What you will do: Exact copy, pictures excluded: set down only the lines from the one with "Just below the" through the end of the entries, keeping both end lines.

Records contained in a dataset
-- Opening Marker --

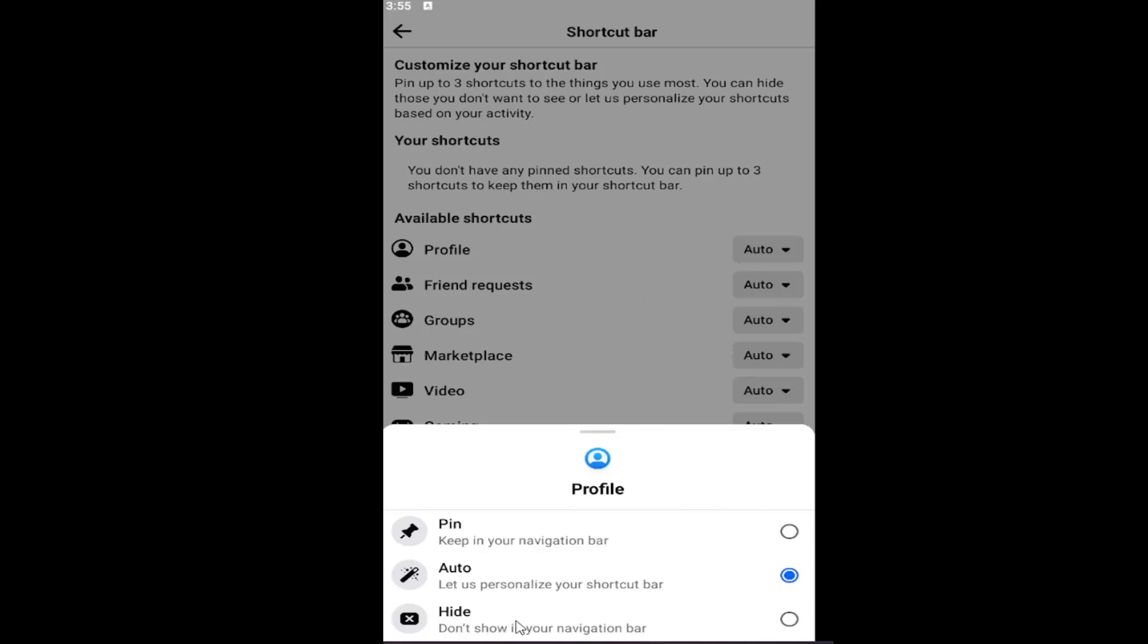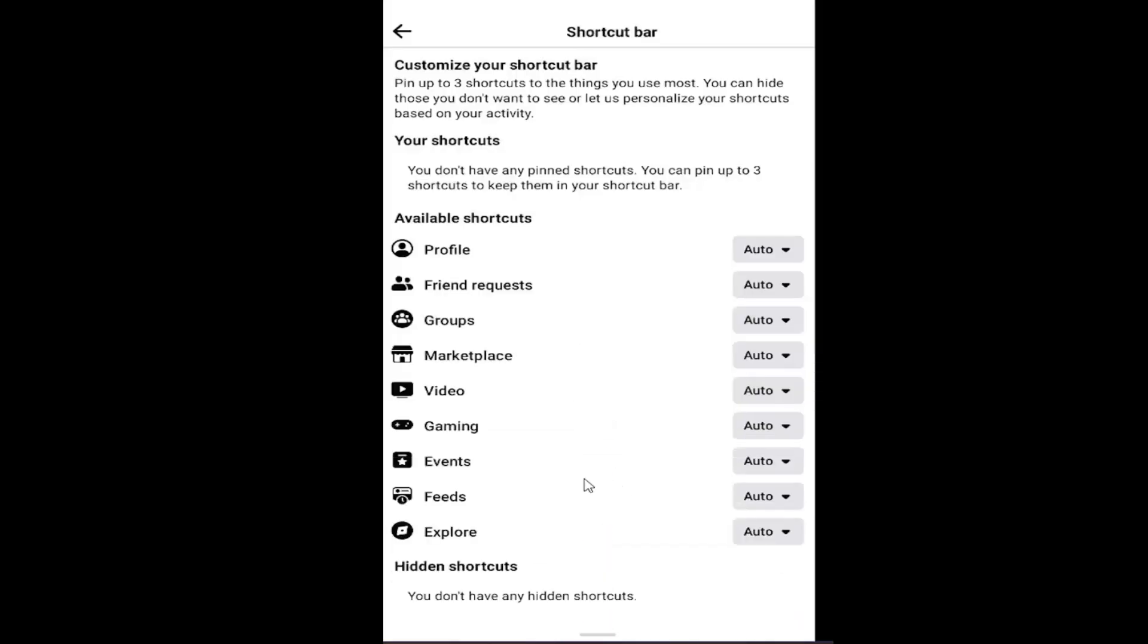You can also hide it from your navigation bar as well. So you have all these different options from your profile, friend requests, groups, marketplace, video, gaming, events, feeds, and explorer. And it will show all the hidden shortcuts under here.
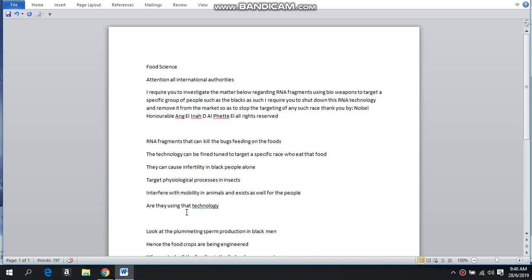Now apparently what he's explaining is the RNA fragments that can kill the bugs feeding on the foods. This technology can also be fine-tuned to target a specific race who eat that food. They can also cause infertility in black people alone. Like they can target supposedly. Now we know through the Tuskegee experiments and the Niagara Falls, the NAACP, and all those things that they had set up for us prior, basically with all their extermination genocidal things that had been implemented.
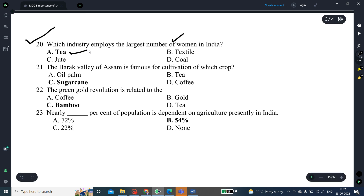The 19th question: the first state in India to launch a policy to establish special agriculture is Uttarakhand — that is the correct answer. The 20th question: which industry employs the largest number of women in India? The correct answer is the tea industry, which employs the largest number of women in India.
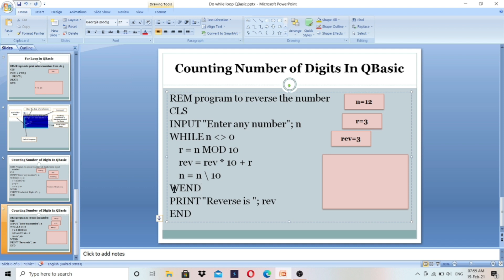Wend means end of the while loop. When control comes to this line, it will go back to the while loop and check the condition again: n not equal to 0. N value is now 12, which is not equal to 0, so the condition is true. When condition is true it will go to the next line.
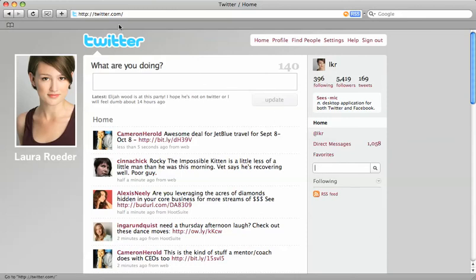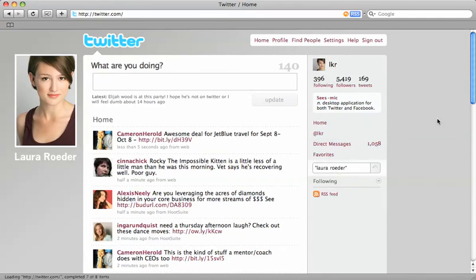I'm on the Twitter homepage on Twitter.com, signed into my account. So if I want to see all the tweets for my own name, I'm going to put in Laura Roeder and hit search.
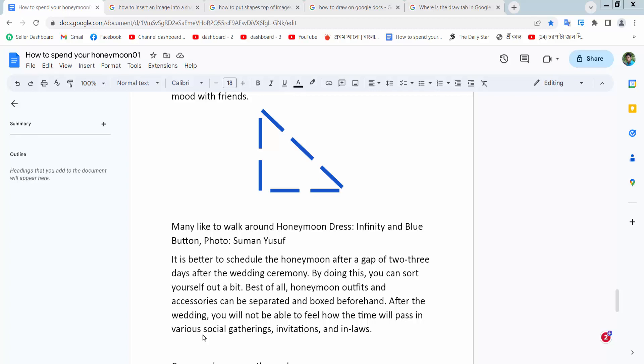Hello everyone. Today I will show you how to edit a shape in Google Docs. Open your Docs file.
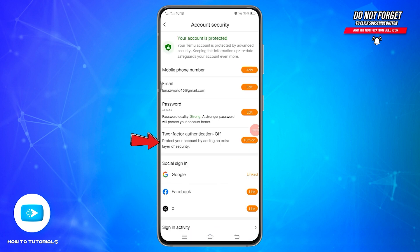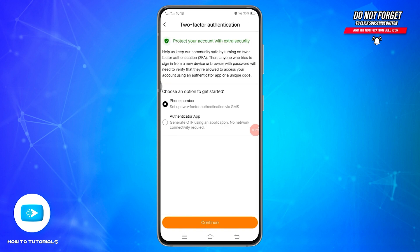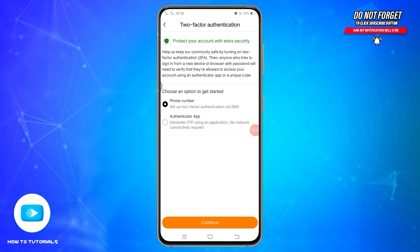Just below the password, you will also find the option for Two-Factor Authentication. Tap on the Turn On option at the right side to enable it. You will be presented with two different options: whether to use your phone number or use the Authenticator app to generate an OTP. Choose the one based on your preference, then tap the Continue button at the bottom and follow the on-screen prompts. This will add two-factor authentication to your account, adding an extra layer of security to prevent unauthorized access in the future.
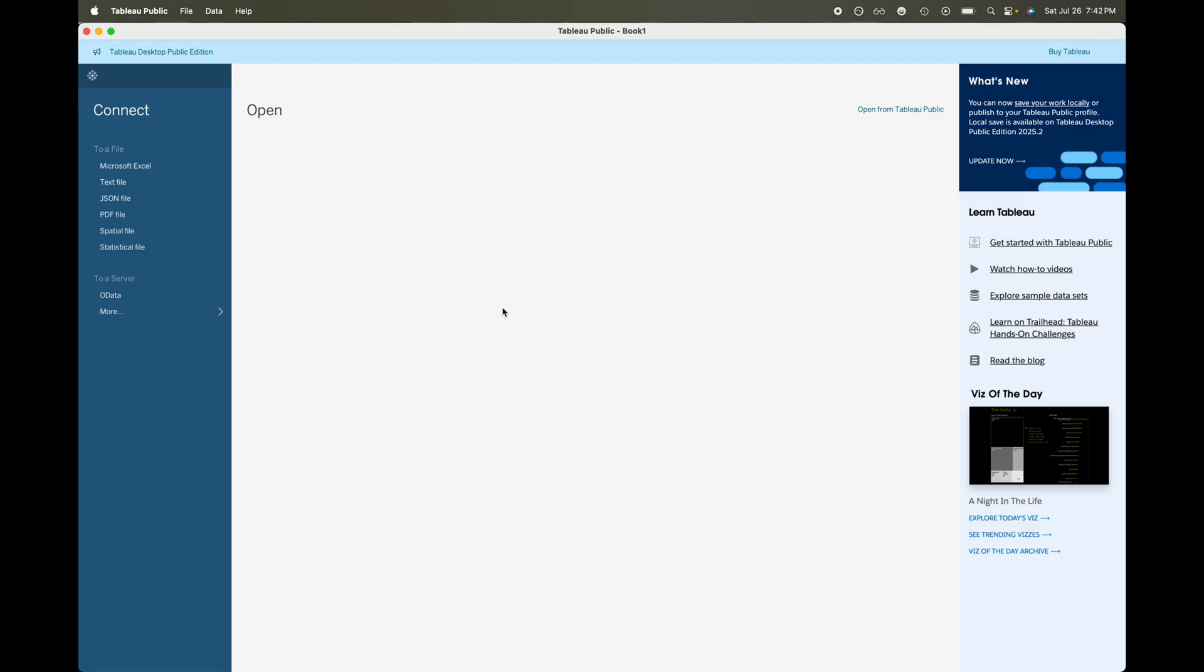Okay and this is what it should look like when you actually are in Tableau and you get started in the Tableau Public option. It should be its own separate app either on Windows or on your MacBook whatever one you are working from.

-- Closing Marker --

Problem solution:
Just below the password, you will also find the option for Two-Factor Authentication. Tap on the Turn On option at the right side to enable it. You will be presented with two different options: whether to use your phone number or use the Authenticator app to generate an OTP. Choose the one based on your preference, then tap the Continue button at the bottom and follow the on-screen prompts. This will add two-factor authentication to your account, adding an extra layer of security to prevent unauthorized access in the future.
Okay and this is what it should look like when you actually are in Tableau and you get started in the Tableau Public option. It should be its own separate app either on Windows or on your MacBook whatever one you are working from.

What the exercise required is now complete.